Il testo non è un saggio né un reportage dal mondo della “tortura”, ma un romanzo composto di tre narrazioni. La scelta dello stile deriva dalla maggiore facilità di lettura, ma anche - e soprattutto - dall’idea di rappresentare, attraverso queste storie, il mondo drammatico delle donne vittime di tortura in maniera universale, dandogli una forma letteraria, poetica. Inoltre, si intende far affiorare l’incredibile coraggio e l’enorme forza di volontà di donne, spesso giovanissime, che pur sapendo di affrontare viaggi e stenti che metteranno a repentaglio la loro stessa vita, partono – a volte con minori al seguito – pur di liberarsi di oppressione, sottomissione, schiavitù, violenza. Inoltre , attraverso presentazioni del testo, si intende aprire un dibattito sul tema dell’immigrazione, mostrando chiaramente come dietro ad ogni volto di uomo o donna che fugge dal proprio paese, c’è una storia, spesso meravigliosa oltre che drammatica, e dare a tale storia una dignità letteraria; come scrive Erri De Luca: Le loro storie, gigantesche rispetto alle nostre, sono romanzi in corso, i loro viaggi sono quelli di Simbad e di Ulisse, le loro avversità quelle di santi e cavalieri erranti, braccati dalle polizie senza aver trasgredito alcun articolo del codice penale. Siamo di fronte a loro e li guardiamo in faccia. Ogni volta è la prima, perché loro sono primizia del mondo a venire, seme di miriadi che si spostano a piedi sulla superficie del mondo e con il loro peso spostano il mondo.
L’idea di questo libro nasce dalla rielaborazione di decine di interviste svolte presso il centro “Passaggio nei Territori di Giano”, il servizio per vittime di tortura e richiedenti asilo dell’INMP (Istituto Nazionale per la promozione della salute delle popolazioni Migranti e per il contrasto della Povertà), Ospedale San Gallicano di Roma. Nello svolgerle, l’autore si è ripetutamente trovato di fronte a narrazioni, nel senso più alto e artistico del termine, di vicende drammatiche dalla dignità letteraria, pronte per essere rappresentate su un proscenio, per venire scritte, raccontate come dei meravigliosi classici della letteratura mondiale. Da qui, la scelta di dare una veste narrativa alle tre storie di Shirin, Aminata, Yergalum. Sono storie di donne, vittime di tortura. Da un lato testimoniano la trasversalità delle crudeltà, che non risparmia neanche bambini, dall’altra esaltano il coraggio, l’amore, la tenacia, l’incredibile forza di volontà che spinge ragazze fin lì costrette, umiliate, emarginate, segregate, mai libere, a spezzare il giogo e fuggire.

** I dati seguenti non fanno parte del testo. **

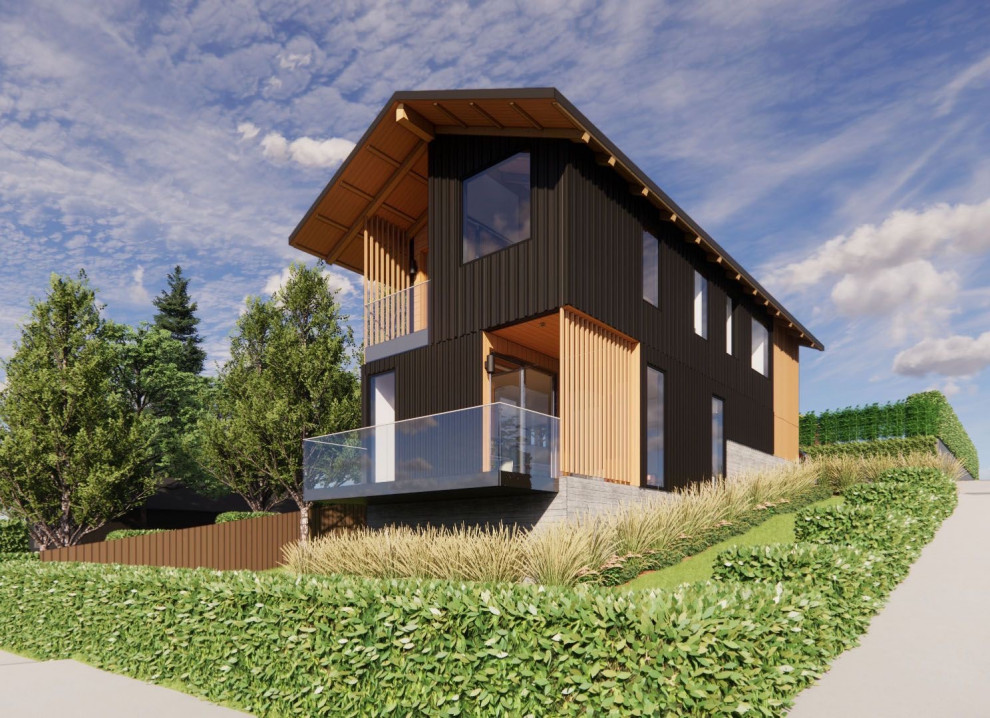 Mittelgroßes Skandinavisches Haus mit schwarzer Fassadenfarbe, Satteldach, Blechdach, schwarzem Dach und Wandpaneelen in Portland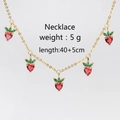 Detail of strawberry necklace with red heart-shaped crystals and 5cm extension chain - Gold Strawberry Necklace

Pagano spregiudicati Caronte moderni, affrontano la Palude Stigia del mondo, infilandosi giù, fino all’ultimo girone dell’inferno. Ne riemergono diverse, purificate, per ripartire ancora, cercare pace.
Sono racconti di terre lontane, di esseri umani che ci appaiano distanti, le cui storie si dissolvono tra realtà e leggenda, tra cronaca e narrativa. L’aspetto drammatico, in realtà, è che se si eccettuano i nomi e brevi quanto marginali aggiunte - che attingono alla fantasia - è tutto vero. Le storie esposte hanno carne, ripetutamente ferita, hanno anima, violata, hanno corpi e menti che non saranno mai più come prima. Ma, soprattutto, hanno occhi.
Stanno lì a guardarti fissi, miti, pozzi di profondità, hanno già osservato tutto e attendono dignitosi che gli venga riconosciuta la regalità della sofferenza, lo status di uomo, di donna.
È quando quegli occhi si incrociano ai tuoi che immagini i film dell’orrore che hanno più e più volte visto, i fotogrammi della paura che hanno fissato in scatti indelebili nel personale archivio del terrore e, quegli occhi, non ti lasceranno più.
Lenti dell’abiezione, obiettivi dell’abisso umano, telecamere dietro cui non c’è il più grande regista di tutti i tempi, capace di rendere omaggio a vittime universali in un kolossal drammatico da en plein di oscar. A recitare non è neanche il migliore attore tragico che il cinema o il teatro abbiano mai prodotto.
Regista e allo stesso tempo protagonista di quel film, è Kadima, Janet, Afeworki…
Non conta il numero infinito, né la massa informe di vittime di sevizie che ogni giorno avvengono sulla faccia della terra. Magari appaiono omologate in un frullato di notizie che uniforma vicende umane e drammi, come se esistesse un tipo di torturato, un archetipo di vittima di violenza. Ognuna di queste donne, di questi uomini sono la Storia.
E quando passa, non bisogna che inchinarsi, guardarla tra l’incantato e l’atterrito, nel suo drammatico svolgersi, riverirla di rispetto infinito.
Dietro quegli occhi, aperto il sipario, si schiude il proscenio di una vita enormemente più interessante della nostra.
Forse l’aspetto migliore che esprime il centro “Territori di Giano” è proprio questo, la capacità di incantarsi ancora, di non abituarsi al male e di riniziare da zero ogni volta, con la curiosità umana del bambino che ascolta chi conosce a fondo la vita, la tenerezza dell’adulto che sa ancora commuoversi, la volontà del taumaturgo, che vuole ancora provare a sanare il sanabile, fosse l’ultima volta.